What you return must be every line below that includes the word "Falls".

Excerpts from a dataset
************

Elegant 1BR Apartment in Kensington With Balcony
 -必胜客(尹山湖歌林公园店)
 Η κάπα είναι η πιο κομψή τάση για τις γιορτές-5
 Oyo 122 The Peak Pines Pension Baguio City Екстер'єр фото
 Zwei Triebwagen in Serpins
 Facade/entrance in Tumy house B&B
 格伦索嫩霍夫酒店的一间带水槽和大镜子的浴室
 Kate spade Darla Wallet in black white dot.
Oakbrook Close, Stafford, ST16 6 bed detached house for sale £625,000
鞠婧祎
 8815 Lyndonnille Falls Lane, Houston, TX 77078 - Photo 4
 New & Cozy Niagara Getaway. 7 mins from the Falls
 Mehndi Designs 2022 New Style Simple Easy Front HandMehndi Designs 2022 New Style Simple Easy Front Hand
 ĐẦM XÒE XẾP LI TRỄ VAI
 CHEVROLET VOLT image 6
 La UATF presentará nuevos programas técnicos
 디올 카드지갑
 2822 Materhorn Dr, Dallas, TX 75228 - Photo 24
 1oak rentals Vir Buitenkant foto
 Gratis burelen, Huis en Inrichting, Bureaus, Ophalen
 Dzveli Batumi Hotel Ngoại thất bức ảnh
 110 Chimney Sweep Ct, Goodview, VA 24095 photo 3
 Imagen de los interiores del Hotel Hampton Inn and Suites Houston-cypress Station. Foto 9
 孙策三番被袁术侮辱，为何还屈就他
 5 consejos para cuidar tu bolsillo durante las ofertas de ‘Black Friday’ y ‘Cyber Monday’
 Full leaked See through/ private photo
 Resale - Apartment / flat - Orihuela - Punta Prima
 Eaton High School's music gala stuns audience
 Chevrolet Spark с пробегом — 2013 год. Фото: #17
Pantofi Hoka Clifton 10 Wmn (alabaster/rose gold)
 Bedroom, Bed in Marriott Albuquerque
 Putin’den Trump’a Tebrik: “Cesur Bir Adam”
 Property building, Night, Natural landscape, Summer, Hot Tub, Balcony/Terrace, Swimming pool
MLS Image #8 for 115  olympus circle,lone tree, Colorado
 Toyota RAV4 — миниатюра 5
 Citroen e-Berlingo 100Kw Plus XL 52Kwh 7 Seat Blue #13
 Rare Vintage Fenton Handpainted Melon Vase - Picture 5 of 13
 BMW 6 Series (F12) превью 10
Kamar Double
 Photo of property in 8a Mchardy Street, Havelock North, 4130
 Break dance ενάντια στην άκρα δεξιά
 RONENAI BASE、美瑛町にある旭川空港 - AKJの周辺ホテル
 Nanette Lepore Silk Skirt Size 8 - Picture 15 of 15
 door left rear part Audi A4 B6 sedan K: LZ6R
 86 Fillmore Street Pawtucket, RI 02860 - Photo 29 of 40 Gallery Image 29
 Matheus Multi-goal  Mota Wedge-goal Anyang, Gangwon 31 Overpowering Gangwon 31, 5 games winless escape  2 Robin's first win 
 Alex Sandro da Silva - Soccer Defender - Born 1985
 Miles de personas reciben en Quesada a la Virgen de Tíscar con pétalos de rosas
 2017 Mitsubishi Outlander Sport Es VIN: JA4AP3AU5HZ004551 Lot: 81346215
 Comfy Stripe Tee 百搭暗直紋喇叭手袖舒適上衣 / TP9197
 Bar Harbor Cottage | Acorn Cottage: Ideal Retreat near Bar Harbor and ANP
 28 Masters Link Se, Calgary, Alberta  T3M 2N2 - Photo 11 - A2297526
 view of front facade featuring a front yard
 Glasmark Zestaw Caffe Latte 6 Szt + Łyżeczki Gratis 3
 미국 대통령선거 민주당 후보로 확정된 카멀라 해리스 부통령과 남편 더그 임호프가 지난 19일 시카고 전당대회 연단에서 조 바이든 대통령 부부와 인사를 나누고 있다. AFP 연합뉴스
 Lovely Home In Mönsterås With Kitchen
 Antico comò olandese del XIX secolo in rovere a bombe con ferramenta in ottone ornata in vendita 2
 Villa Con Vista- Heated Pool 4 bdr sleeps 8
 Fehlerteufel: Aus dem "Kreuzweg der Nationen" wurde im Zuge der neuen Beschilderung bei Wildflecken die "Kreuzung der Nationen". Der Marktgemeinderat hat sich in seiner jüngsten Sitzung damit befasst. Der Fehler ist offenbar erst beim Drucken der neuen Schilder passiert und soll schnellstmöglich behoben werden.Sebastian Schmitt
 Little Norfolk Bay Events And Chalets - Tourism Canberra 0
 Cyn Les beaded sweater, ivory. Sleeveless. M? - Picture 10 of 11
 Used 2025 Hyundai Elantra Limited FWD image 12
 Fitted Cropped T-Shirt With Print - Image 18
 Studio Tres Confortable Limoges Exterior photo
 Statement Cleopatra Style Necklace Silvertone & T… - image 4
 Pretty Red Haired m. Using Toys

************

### REPLY
 8815 Lyndonnille Falls Lane, Houston, TX 77078 - Photo 4
 New & Cozy Niagara Getaway. 7 mins from the Falls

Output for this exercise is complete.